TRY IT —
For the entries that follow, restate word for word the line containing "Aztec Stylized BW+Gray", the line containing "Red Velvet Cupcakes with Heart Toppings", and every line that lies between them.

INFORMATION SHOWN —
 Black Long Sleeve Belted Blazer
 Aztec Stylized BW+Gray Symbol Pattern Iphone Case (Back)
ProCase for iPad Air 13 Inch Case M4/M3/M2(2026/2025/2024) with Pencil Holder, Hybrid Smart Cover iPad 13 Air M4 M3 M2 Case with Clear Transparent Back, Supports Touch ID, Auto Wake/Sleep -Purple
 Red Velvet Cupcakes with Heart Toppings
...
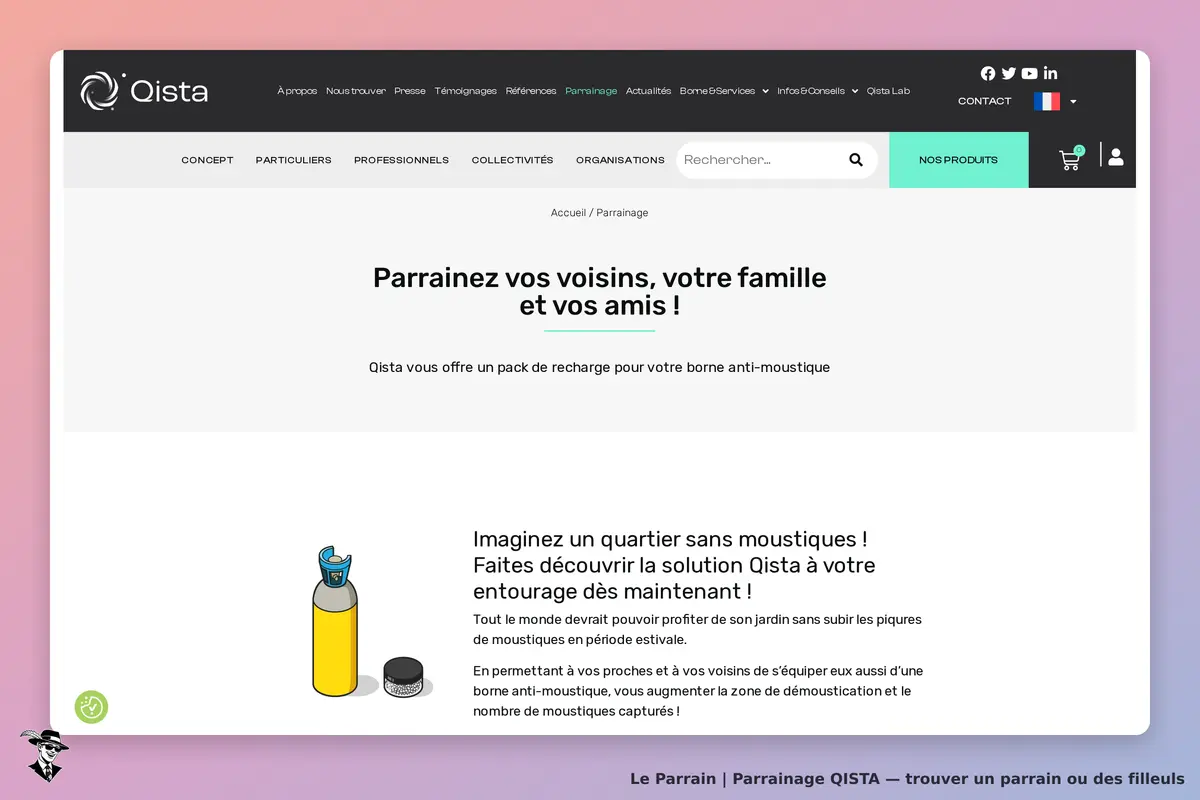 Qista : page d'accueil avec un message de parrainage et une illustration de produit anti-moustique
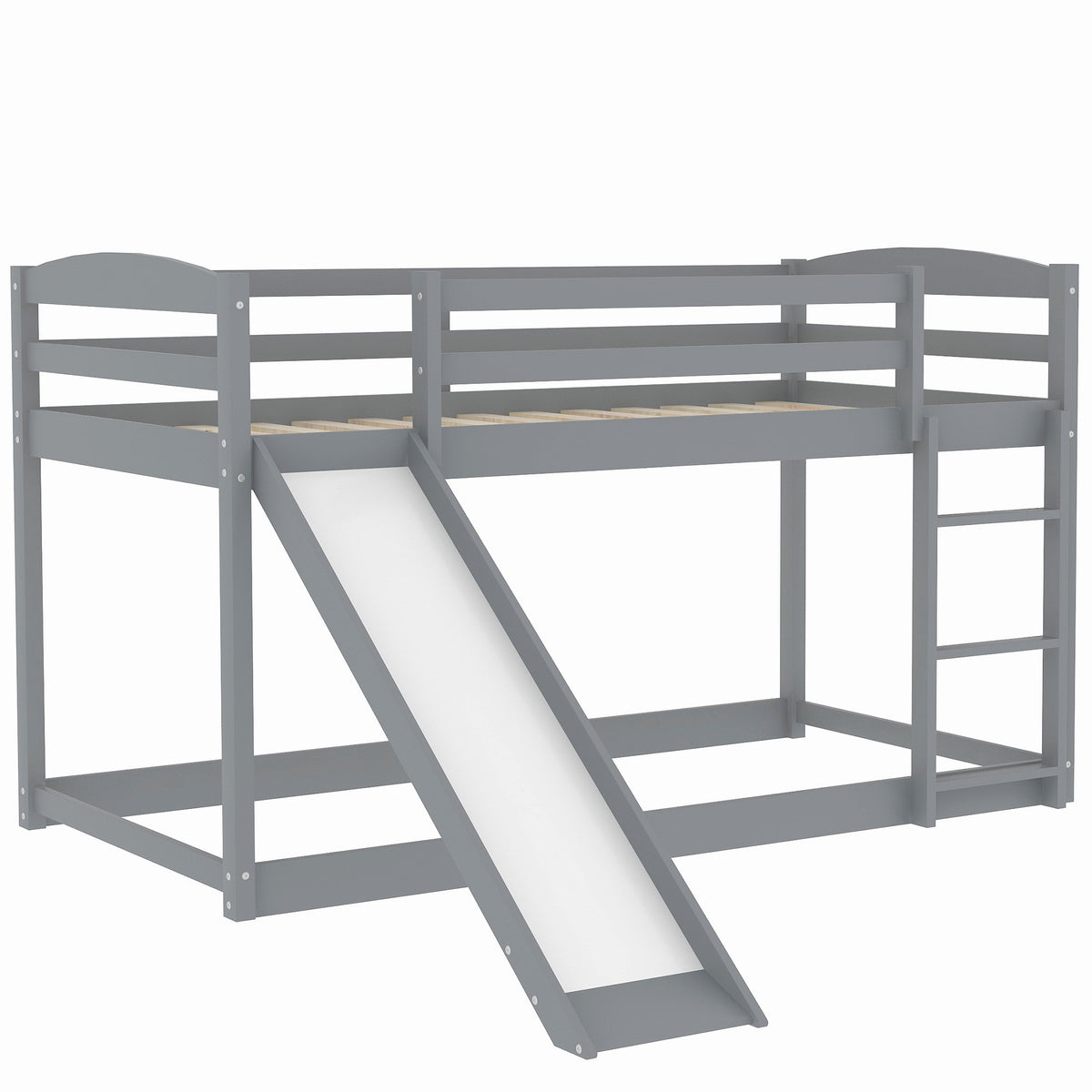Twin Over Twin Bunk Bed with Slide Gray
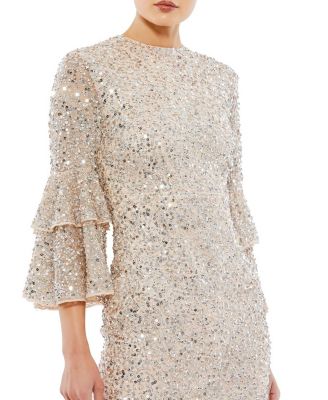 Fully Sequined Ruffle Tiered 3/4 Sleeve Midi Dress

RESULT FOR THIS EXERCISE —
 Aztec Stylized BW+Gray Symbol Pattern Iphone Case (Back)
ProCase for iPad Air 13 Inch Case M4/M3/M2(2026/2025/2024) with Pencil Holder, Hybrid Smart Cover iPad 13 Air M4 M3 M2 Case with Clear Transparent Back, Supports Touch ID, Auto Wake/Sleep -Purple
 Red Velvet Cupcakes with Heart Toppings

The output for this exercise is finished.